Kristin Kilmer Wellness

Holistic Health and Wellness Coaching

Ayurvedic Fitness

I am extremely passionate about Ayurvedic medicine and its outlook on all facets of our lives.  What is often overlooked while exercising is our breathing.  According to many fitness experts, its not how hard you work out but how oxygen flows through our system while we work out.  We have 5 chambers in our longs and often we huff and puff for air and struggle and tense up when all we have to do is breathe calmly through our nose and feel our chest expand.  Its difficult at first, but then you will realize that there is simply no other way!

Source:  Lifespa


Ayurvedic Fitness
By John Douillard
Date Released : 03 Jan 2007

 

Two thousand years ago, the Greek physician Galen wrote that athletes, “Exert every day at their exercises and force feed themselves. Their sleep, too, is immoderate.” He quoted the physician Hippocrates, “Excess is the enemy of nature, and their practices are in direct opposition to good health.” Galen pointed out that when athletes stop exercising, degeneration sets in. Some soon die and few live to an old age. Aristotle emphasized moderation rather than excess and preached the concept of “aidos,” which included modesty, dignity, respect and the joy of the competition.

The ancient Greeks clearly understood the health benefits of exercise but also offered a warning as to the risks of excess. How much exercise is good for the body and how much more can be harmful seemed to be a controversial question that not only plagued Aristotle but our modern convention as well.

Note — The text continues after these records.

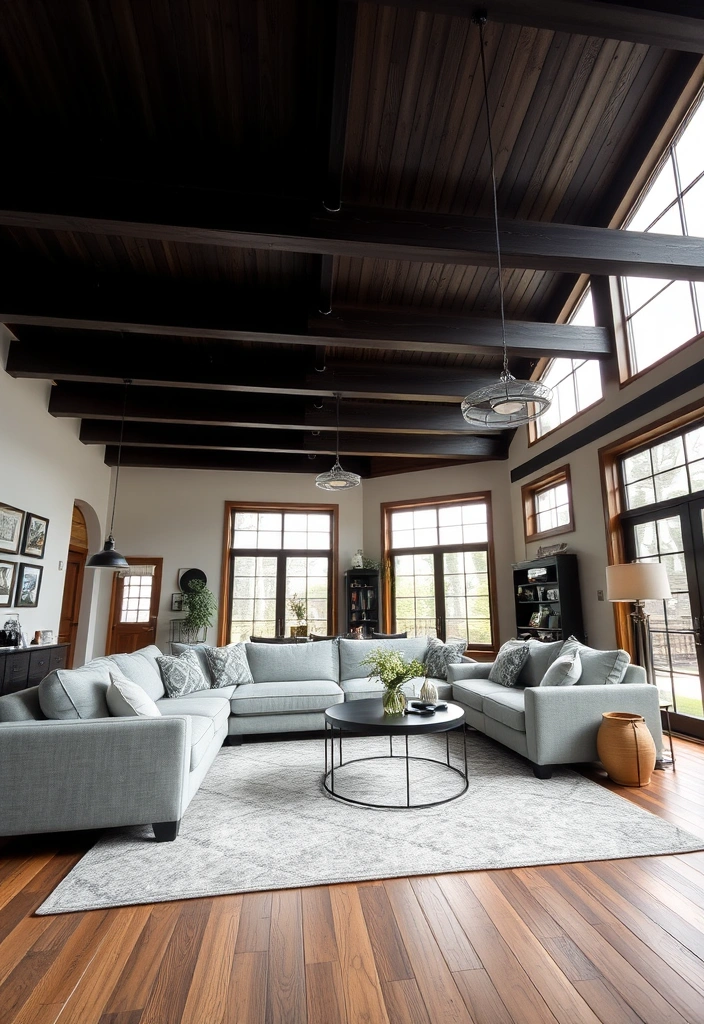 18 Rustic Living Room Ideas That Prove Industrial Can Be Cozy Too (Don’t Miss #7!) - 2. Wooden Beams and Ceiling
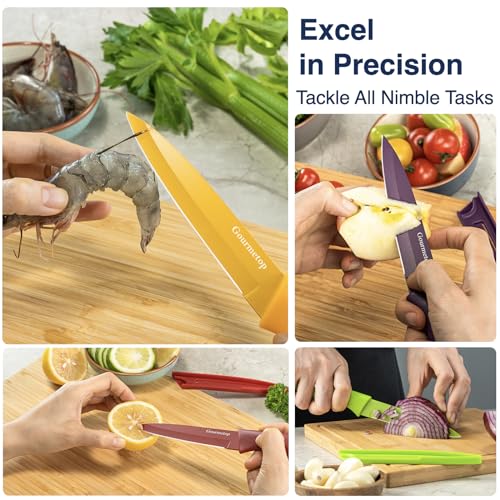 Gourmetop Paring Knife Set of 4, 3.8” Fruit Knife with Cover, German Steel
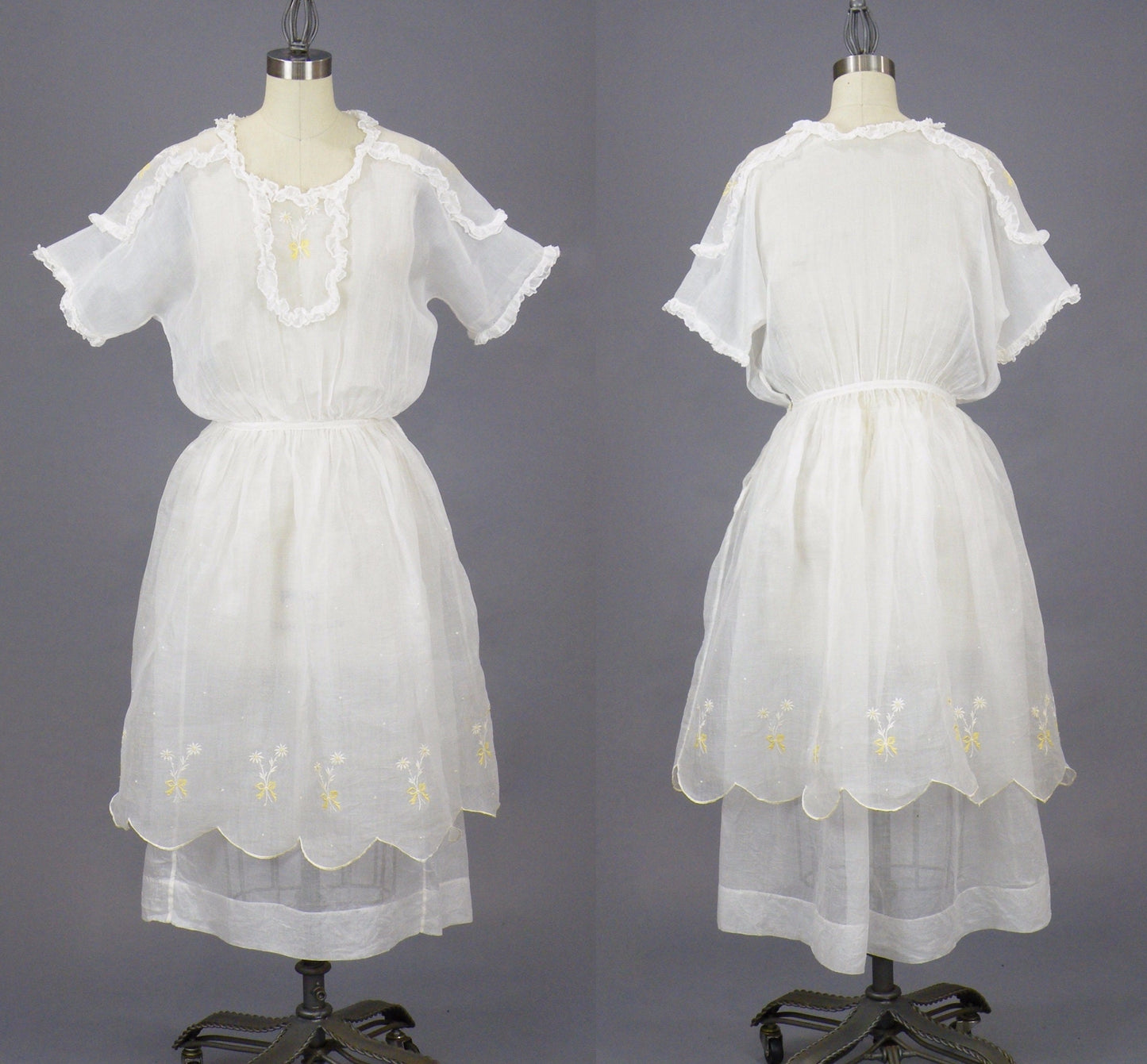 Antique Late 1910s–1920s White Embroidered Organdy Summer Dress, 2-Piece, XS 25" Waist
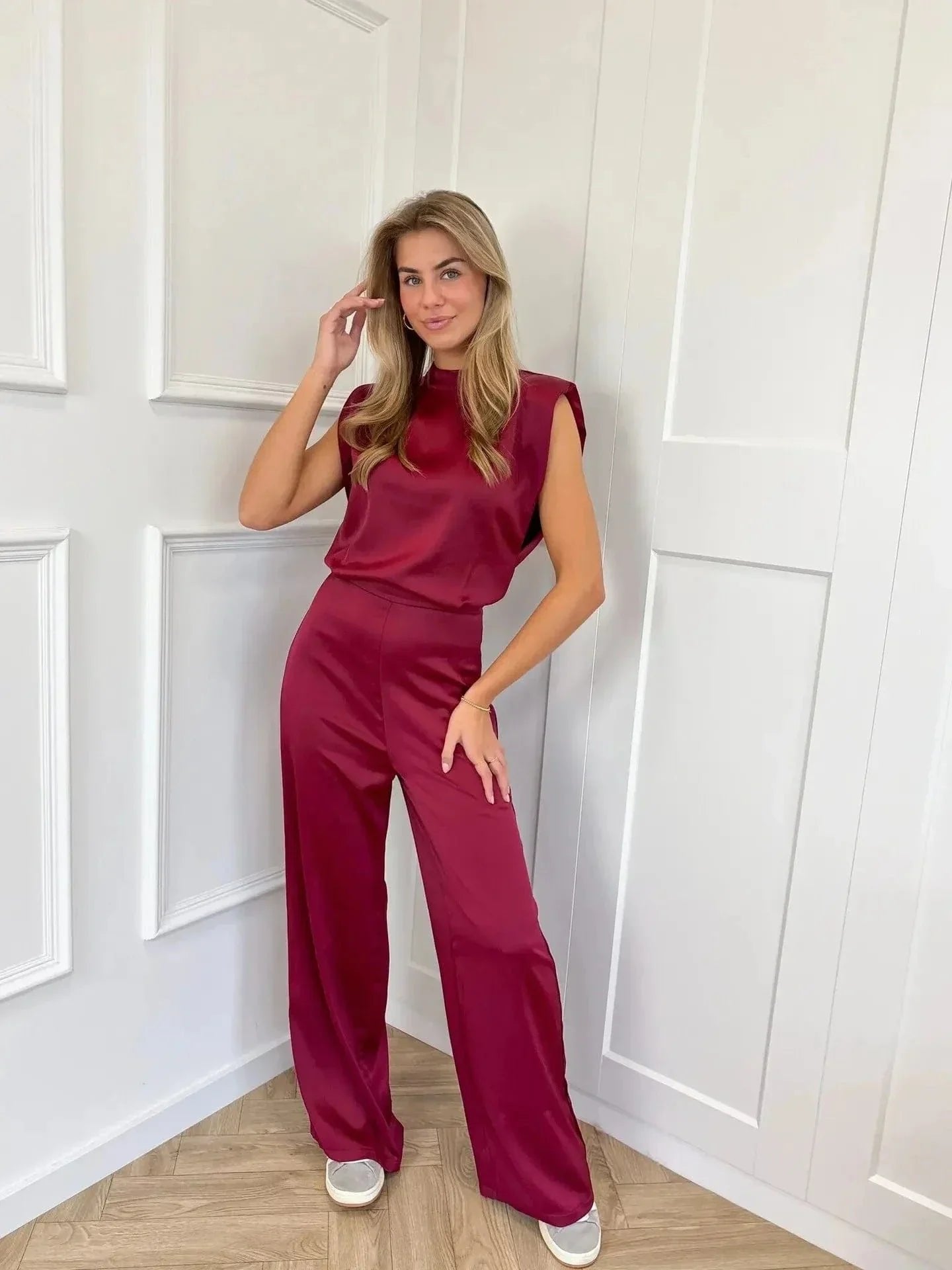 Women's Satin Wide-Leg Open-Back Sleeveless Jumpsuit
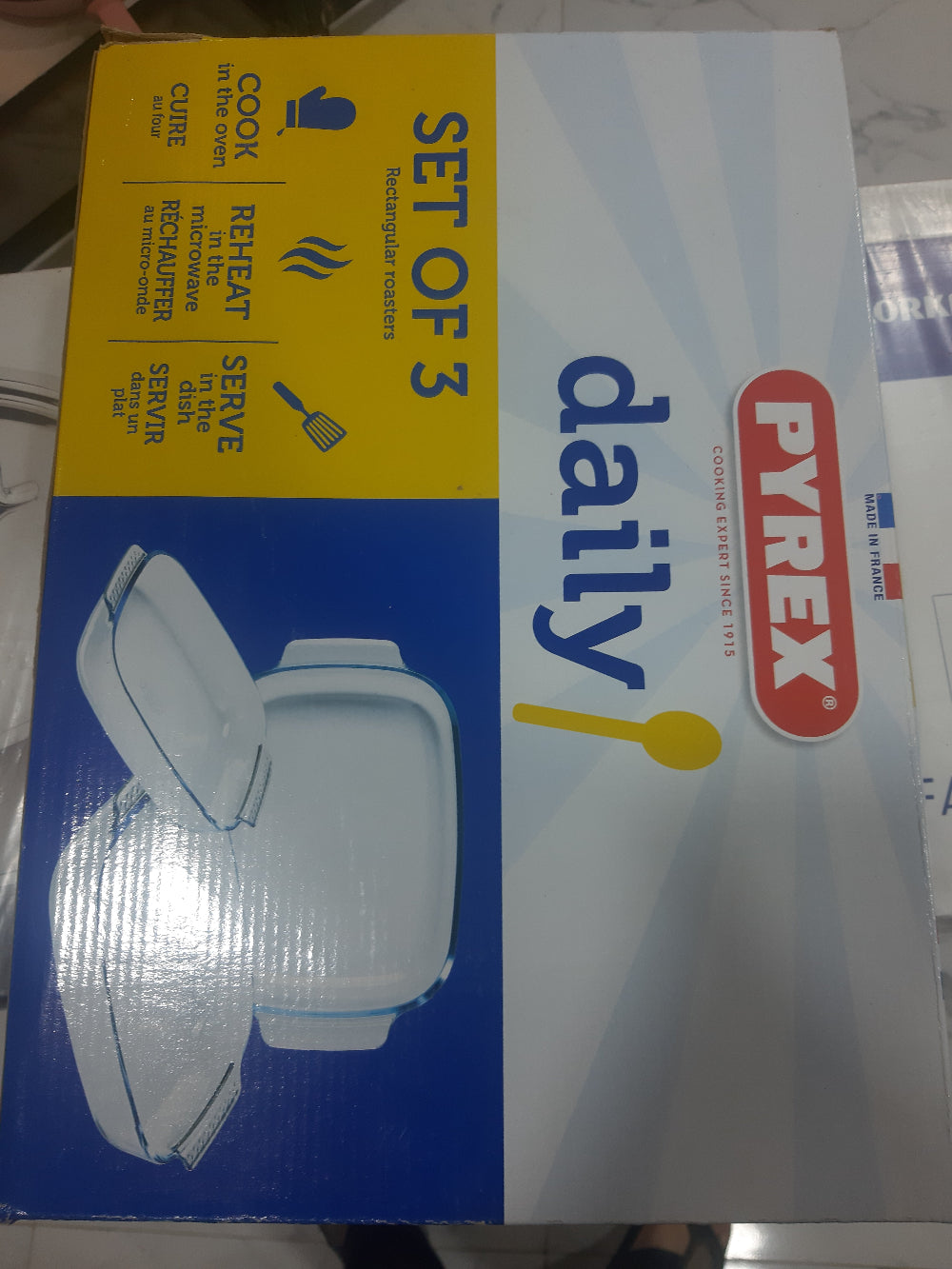 طقم طواجن بيركس فرنساوي أصلي 3 قطع شفاف مقاوم للحرارة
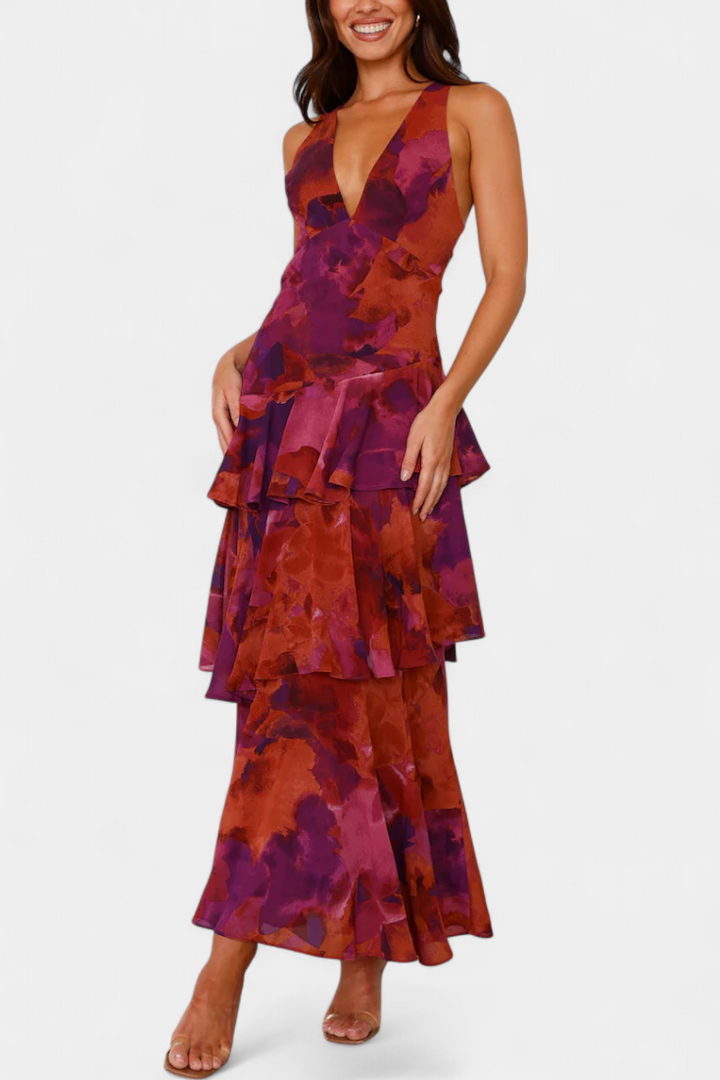 Domenica - Vestido de chiffon com decote em V e camadas fluidas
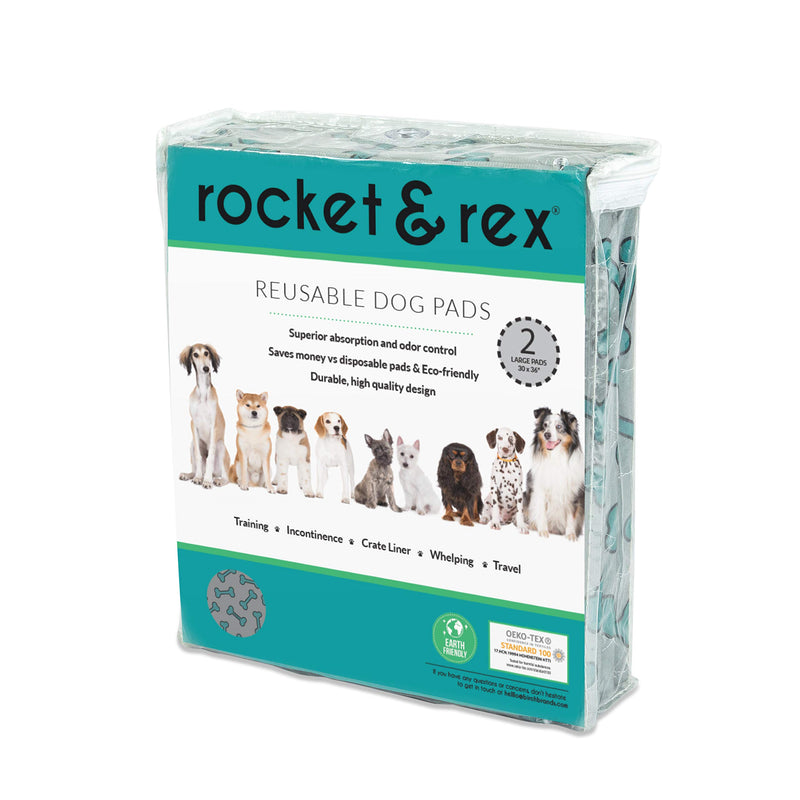 [Australia] - rocket & rex Washable Dog Pee Pads. Dog Training Pads, Waterproof, Reusable Dog Pee Pads. Leak-Proof, Absorbent Puppy Pee Pads. Whelping, Travel Pads, Dog Bowl Mat Bone Print (2-pack) 30 x 36" 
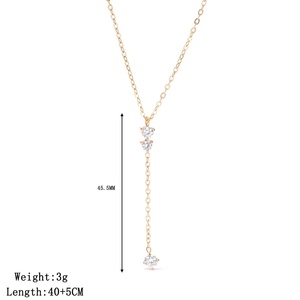 Women's Trendy Geometric Link Chain Long Pendant Necklace Waterproof Gold Plated Stainless Steel Fashion - Product Image 5
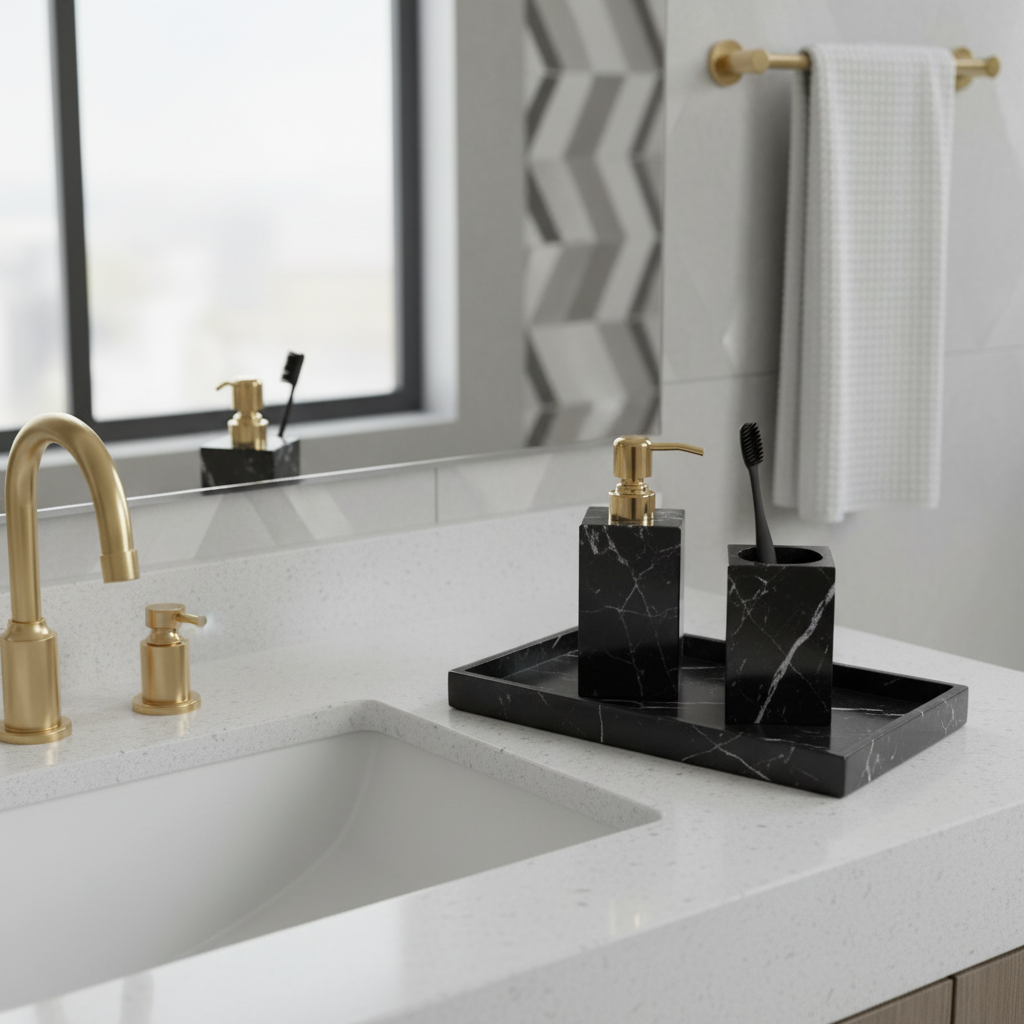 Valtina Black Marble Bathroom Set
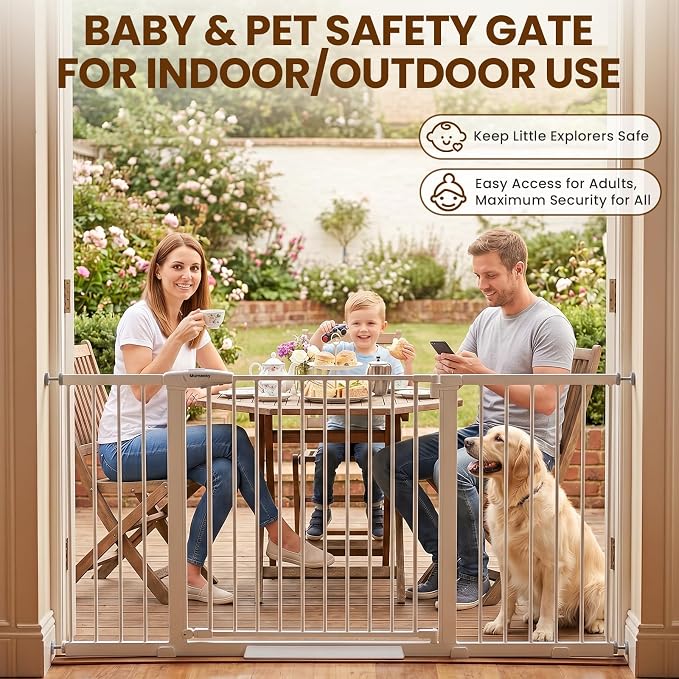 Mumeasy Extra Wide Large Baby Gate for Doorways, 36-66" Walk Through Wide Long Dog Gate for Door & Stair, Auto Close Dual Swing Pressure Mounted Child Safety Gate for Toddlers, Puppies & Pets, White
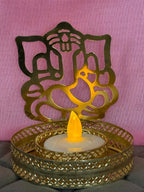 Gold Metal Shadow Diya Set: Ganesh & Lakshmi Indian Candle Holders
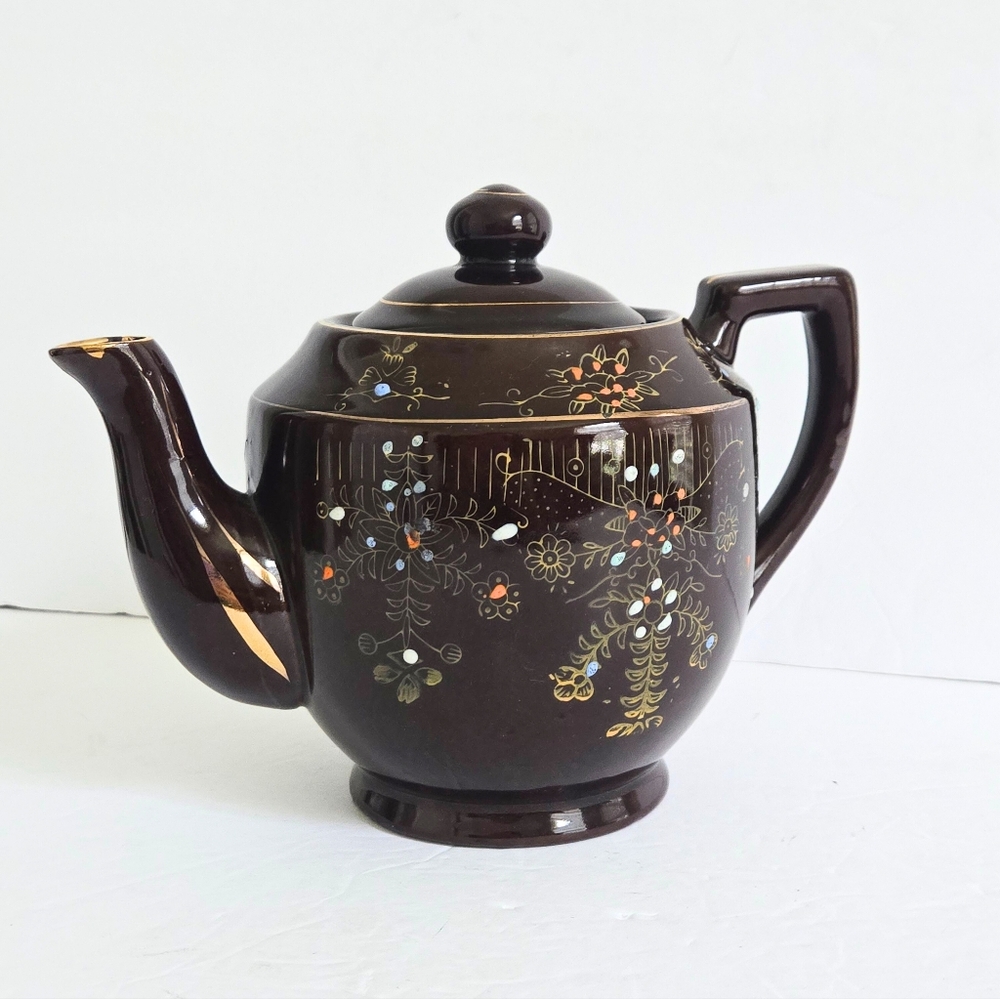 Vintage Brown Betty Moriage Style Teapot Made In Japan
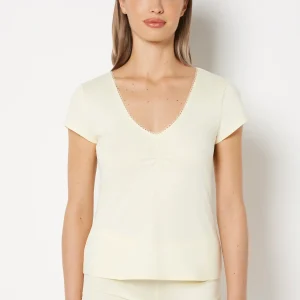 Casual Sleep Jersey V Neck Top With Picot Trim in Lemon Icing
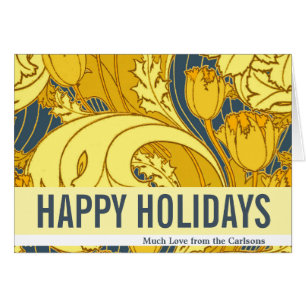 Vintage Bold Tulip Blue Gold Pattern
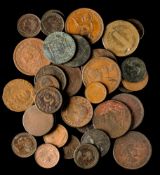 A selection of mixed copper including a Cossack penny, 1855 Honduras (IR), etc.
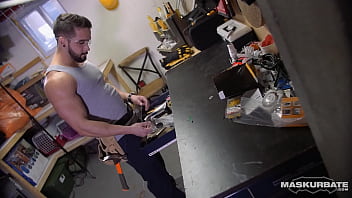 Preview 1 of Human Farm Milk Cow - Maskurbate - Hunk Construction Worker Jerks Off At Work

In October of 1992, the American Heart Association (AHA) added physical inactivity to its list of major risk factors for heart disease along with smoking, high blood pressure and high cholesterol levels and yet more than 200,000 deaths are reported each year from heart attacks during or immediately after exercise. The confusion continues. The American College of Sports Medicine suggests that cardiovascular health benefits are only gained if exercising between 60 to 80 percent of your maximum heart rate. Conversely, the Cooper Institute of Aerobic Research in Dallas, Texas reported that if you exercise above 60 percent of your max heart rate for four to five hours a week or more, you will incur a significant amount of harmful free radical damage in the body. They recommended that if you want health and longevity benefits from exercise, you must exercise below 60 percent of your max heart rate (max heart rate = 220 – age). This controversial study brought to light the same question that haunted the Greeks: how much exercise is healthy and how much more will be harmful?

One thousand years before Aristotle touted moderation and concept of “aidos,” the scholars of Ayurvedic medicine were writing their first textbooks that decreed the appropriate amount of exercise ideal for optimal health. Like Aristotle, they agreed on moderation but also listed excessive exercise as a major cause of disease.

Ayurvedic medicine, although in its i nfancy here in America, has over 300,000 Indian doctors in the All Indian Ayurvedic Congress, making it the largest medical organization in the world. Ayurveda is a Sanskrit word derived from the root words “ayus,” which means life, and “veda,” which means knowledge. Over time, Ayurveda became known as the science of life. With regard to exercise, one should only exert to 50 percent of their capacity. More than that for an extended period of time would breed excess, exhaustion and ultimately the onset of disease, according to Ayurveda.

Nasal Breathing

Nasal breathing techniques were offered to monitor the appropriate amount of exercise. If one had to open the mouth and huff, puff and pant to perform a certain task, than the exercise would be incurring stress rather than reducing it. Interestingly, lifespan was predictably lengthened by minimizing the number of breaths taken in one’s life. In a preliminary study comparing mouth and nose breathing during sub-maximal exercise, breath rates were reduced from 50 to 14 breaths per minutes using mouth and nose breathing, respectively. In the same study, brain wave activity showed a significant increase in alpha wave production and brain wave coherence during nasal versus mouth breathing exercise, indicating that a meditative calm could be supported during vigorous exercise stress.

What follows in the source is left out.